I went to the breast health center 4 years ago, complaining that the LE care was substandard--and it was--without Binney, I would have been lost--and I hired a lousy PT who had previously--just-- worked for them and had an axe to grind and treated my AWS with exercises that likely pushed me over the edge.
Am I angry? Of course I am.
I am still Binney's evil twin.
But, I've learned that the confrontational approach only caused defensiveness and increased anger, and after having been verbally assaulted for the last few years, it sure didn't make me want to engage in productive dialogue with the person yelling at me.
So, did I capitulate by not pointing fingers and sharing my outrage--which I did share with the medical students so they could understand how their actions have consequences--maybe, but I'm in a different place now, and my goals are different.
I want them to learn, and not by shaming them, but by helping them. And it felt a whole lot better than that horrible meeting 4 years ago, where they listened to me, thanked me for my insights and totally wrote me off.
When I wrote some stuff for SUSO, Jane would have me tone it down so it wasn't an attack. She was right, although I was majorly steamed as I wrote it.
Our anger is a tool. And Binney tells me that the history of LE is for women to be shamed and to hide and not channel their anger and concern into action. Boy, has that changed.
I am giving a lecture at the Vodder recertification on diagnositic dilemmas in LE, and I need to get to work on it ASAP. I sent Robert Harris my slides for the last lecture and he wanted slides geared towards experienced clinicians. Although it's a different audience: PT/OT/LMT vs. MD's.

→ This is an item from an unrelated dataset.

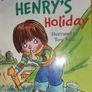 Early Reader ; Horrid Henry (u.p.s.) 3636 Image 2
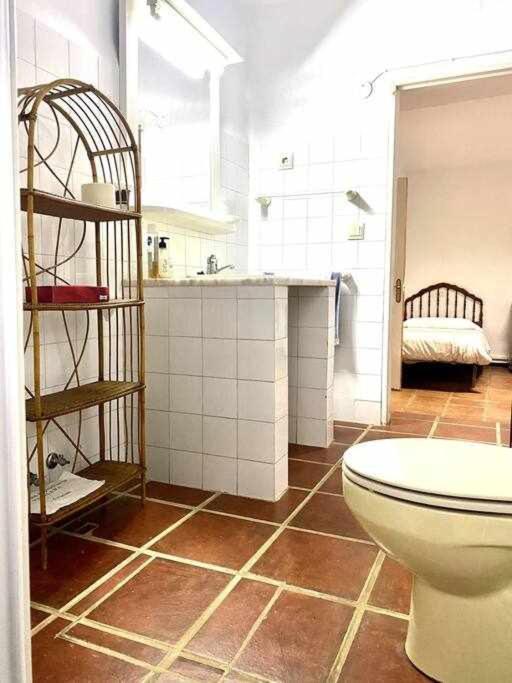 Las maravillas de Manuel By Solymar Properties - Casa de 7 dormitorios - 37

I had a nice talk with the LE therapist who told me it couldn't be LE, as it NEVER starts in the hand. He checked out my hand, and then stayed for the whole talk. I feel about him like you do towards your first therapist: he didn't know what he didn't know.
Now the PT who was LE trained but had me doing repetitve motions and putting stretch on the axilla with a seroma, because she was ticked off at the LE clinic, she will never be forgiven. She had the knowledge and I got caught, at a very vulnerable time--both physically and mentally--in her agenda.
I may have some medical training, but believe me, Binney knows more than I do--but so many times, we email the same person and I get the reply....Bogus, huh?
Tina, I'm still mad, but on some level, I'm not as mad and sad and after being the receiptent of verbal abuse, it sure taught me that it doesn't encourage a constructive dialogue.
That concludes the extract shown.